#### Task prompt
What is needed is a verbatim copy of each record below.

Saved data entries:
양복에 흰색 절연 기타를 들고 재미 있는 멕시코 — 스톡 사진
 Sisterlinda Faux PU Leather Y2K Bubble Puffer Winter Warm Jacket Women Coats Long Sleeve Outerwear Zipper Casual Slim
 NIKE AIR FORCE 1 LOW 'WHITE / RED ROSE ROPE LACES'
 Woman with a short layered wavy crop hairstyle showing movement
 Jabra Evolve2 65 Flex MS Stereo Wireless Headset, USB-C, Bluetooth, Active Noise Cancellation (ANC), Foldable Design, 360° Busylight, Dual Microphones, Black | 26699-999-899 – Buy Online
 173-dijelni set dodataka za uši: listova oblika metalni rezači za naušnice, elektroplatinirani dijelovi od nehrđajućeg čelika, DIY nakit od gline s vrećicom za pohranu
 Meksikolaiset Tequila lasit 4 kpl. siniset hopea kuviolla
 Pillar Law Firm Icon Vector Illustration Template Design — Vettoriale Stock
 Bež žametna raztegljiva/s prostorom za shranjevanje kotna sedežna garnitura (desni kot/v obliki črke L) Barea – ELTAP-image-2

#### Task answer
양복에 흰색 절연 기타를 들고 재미 있는 멕시코 — 스톡 사진
 Sisterlinda Faux PU Leather Y2K Bubble Puffer Winter Warm Jacket Women Coats Long Sleeve Outerwear Zipper Casual Slim
 NIKE AIR FORCE 1 LOW 'WHITE / RED ROSE ROPE LACES'
 Woman with a short layered wavy crop hairstyle showing movement
 Jabra Evolve2 65 Flex MS Stereo Wireless Headset, USB-C, Bluetooth, Active Noise Cancellation (ANC), Foldable Design, 360° Busylight, Dual Microphones, Black | 26699-999-899 – Buy Online
 173-dijelni set dodataka za uši: listova oblika metalni rezači za naušnice, elektroplatinirani dijelovi od nehrđajućeg čelika, DIY nakit od gline s vrećicom za pohranu
 Meksikolaiset Tequila lasit 4 kpl. siniset hopea kuviolla
 Pillar Law Firm Icon Vector Illustration Template Design — Vettoriale Stock
 Bež žametna raztegljiva/s prostorom za shranjevanje kotna sedežna garnitura (desni kot/v obliki črke L) Barea – ELTAP-image-2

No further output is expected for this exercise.